Public projects aim at either manufacturing, rehabilitating or extending public goods or operating public services when the public partner can neither afford to entirely finance the project nor is it able to determine the technical specifications of the project.

Some features of PPPs:

  • cooperation between the public partner and the private partner to implement a public project;
  • long-term contracts that enable the private partner to have a reasonable return on his investment;
  • investments from both the private partner and the public partner;
  • risk allocation depends on the ability of each party to evaluate and manage the risk.

There are two versions of PPP:

  • A contract executed by three parties: the public partner, the private partner and a project company owned entirely by the private investor

Or

  • The public partner and the private partner incorporate a new project company whose only object of activity is to implement the project.

The PPP contract is executed at the public partner’s initiative. The public partner has to organize a two-phase competitive dialogue procedure. Firstly, to decide on the technical solution based on preliminary offers from qualifying private investors and then, to select the most economically advantageous offer out of the final offers.

The duration of the PPP contract shall be varied depending on the investment depreciation time and method of financing.
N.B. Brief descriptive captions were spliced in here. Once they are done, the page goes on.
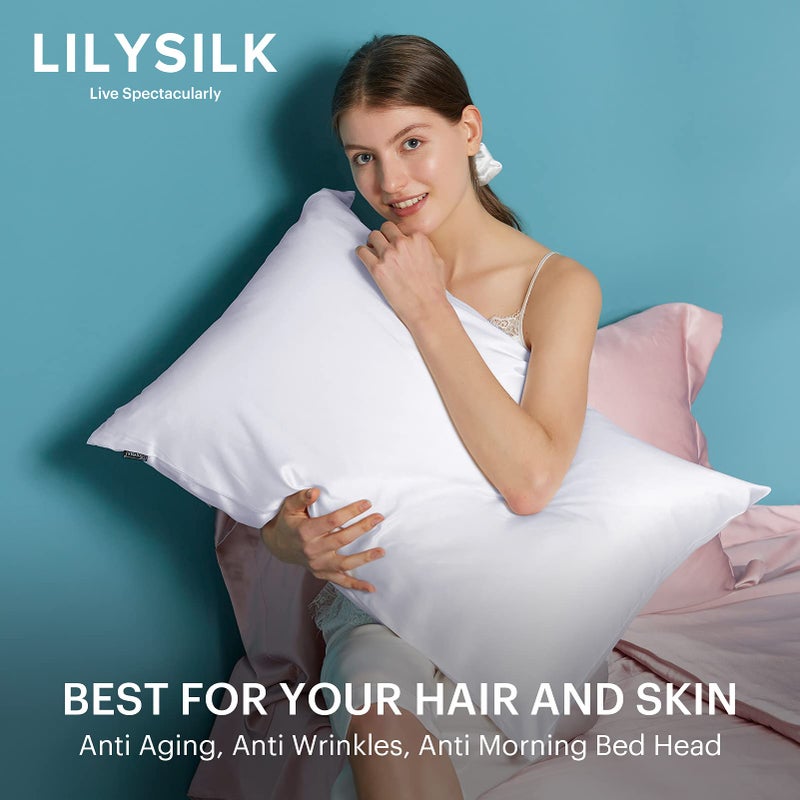 LilySilk غطاء وسادة حرير LILYSILK للشعر والبشرة بحجم كوين - 100% حرير توت 19 موم ، غطاء وسادة سرير حرير من الجانبين مع سحاب مخفي، 1 قطعة (حجم كوين 20''x30''، أبيض) - Image 5
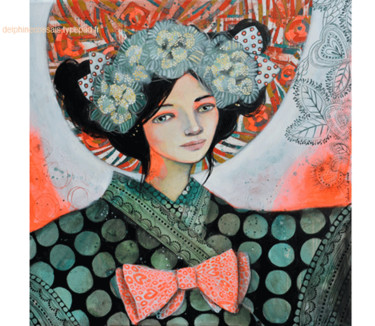 Pintura titulada "Tokio Kimono" por Delphine Cossais, Obra de arte original, Acrílico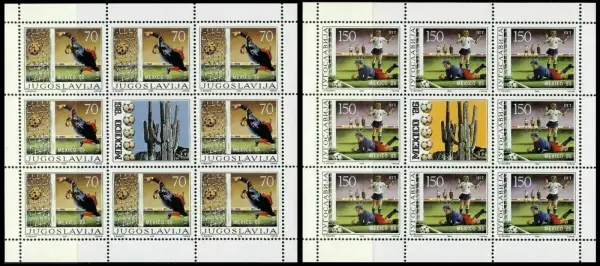 Yugoslavia postage stamps year 1986 FIFA Football World Cup Mexico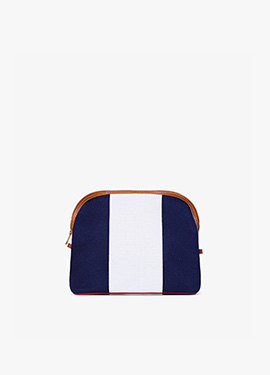 Trousse Large Stripe in Bianco/Blu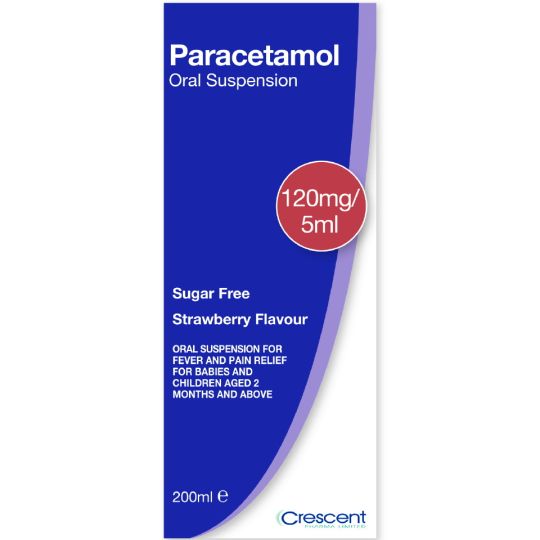 Paracetamol 120mg/5ml Sugar Free Oral Suspension – 200ml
Contrary to the current legislation, the draft law proposal makes it clear that the public partner may finance the project by:

  • Transferring rights to the project company;
  • Bringing contributions in cash to the share capital of the project company;
  • Undertaking to pay certain amounts to either the private partner or the project company;
  • Granting mortgages or other guarantees to the project’s financing institutions.

Under the current law, PPP contracts do not represent sufficient appeal to investors. Since the draft law proposal is in line with good practices guidelines and makes it clearer and simpler for the private entity to foresee its risks, it might encourage the private sector to invest in public projects.